> _PROBLEM STATEMENT_:
Please set down every line of the records below exactly, without the pictures.

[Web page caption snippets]
•••••

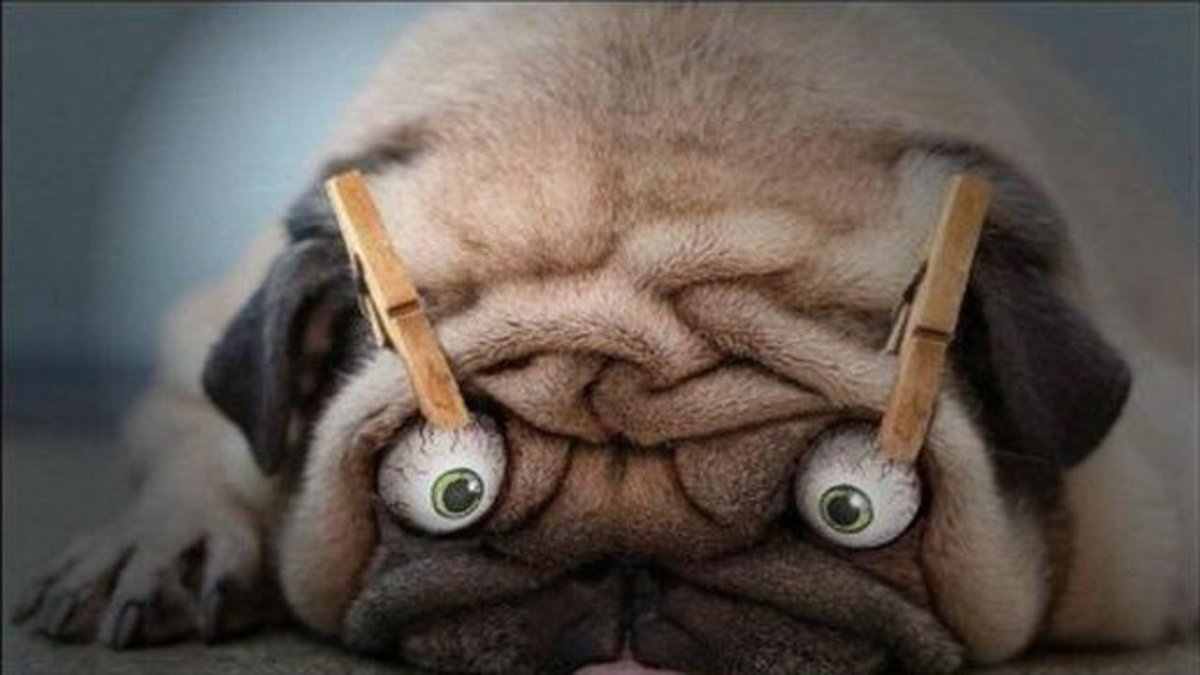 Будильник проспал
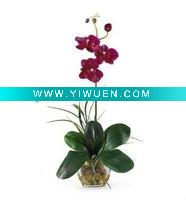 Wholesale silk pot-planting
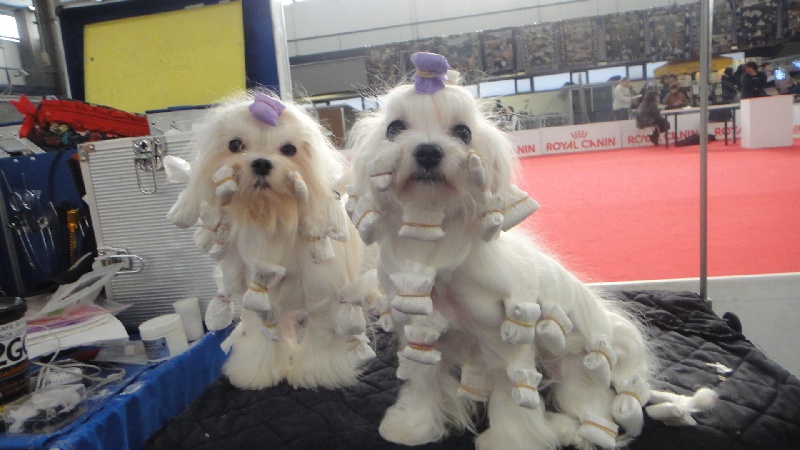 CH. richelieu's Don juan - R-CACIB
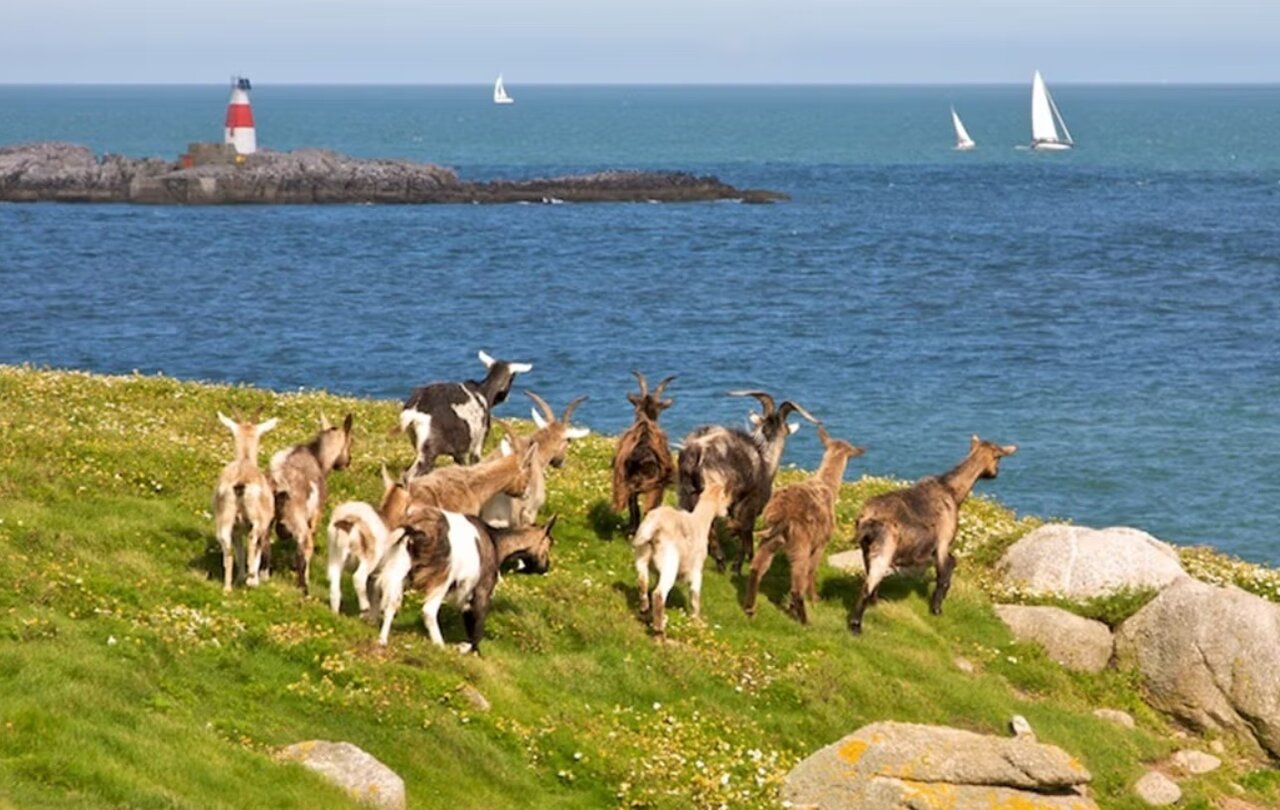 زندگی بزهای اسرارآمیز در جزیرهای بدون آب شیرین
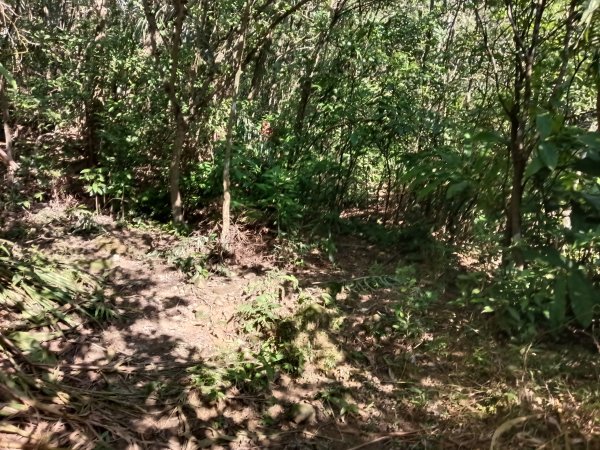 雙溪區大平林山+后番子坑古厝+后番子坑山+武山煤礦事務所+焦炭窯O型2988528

•••••

> _ANSWER AREA_:
 Будильник проспал
 Wholesale silk pot-planting
 CH. richelieu's Don juan - R-CACIB
 زندگی بزهای اسرارآمیز در جزیرهای بدون آب شیرین
 雙溪區大平林山+后番子坑古厝+后番子坑山+武山煤礦事務所+焦炭窯O型2988528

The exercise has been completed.